• [Exercise inputs]
------------

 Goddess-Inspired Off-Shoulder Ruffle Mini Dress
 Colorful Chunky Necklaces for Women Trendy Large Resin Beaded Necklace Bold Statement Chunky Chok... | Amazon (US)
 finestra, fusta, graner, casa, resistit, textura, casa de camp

------------

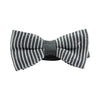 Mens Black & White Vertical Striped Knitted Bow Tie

------------

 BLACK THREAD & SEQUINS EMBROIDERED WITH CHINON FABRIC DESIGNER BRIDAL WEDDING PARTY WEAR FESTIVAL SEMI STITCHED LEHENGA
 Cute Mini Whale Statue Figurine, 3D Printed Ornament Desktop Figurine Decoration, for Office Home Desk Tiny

------------

Review the entries above and return every line where "Mini" appears.

 Goddess-Inspired Off-Shoulder Ruffle Mini Dress
 Cute Mini Whale Statue Figurine, 3D Printed Ornament Desktop Figurine Decoration, for Office Home Desk Tiny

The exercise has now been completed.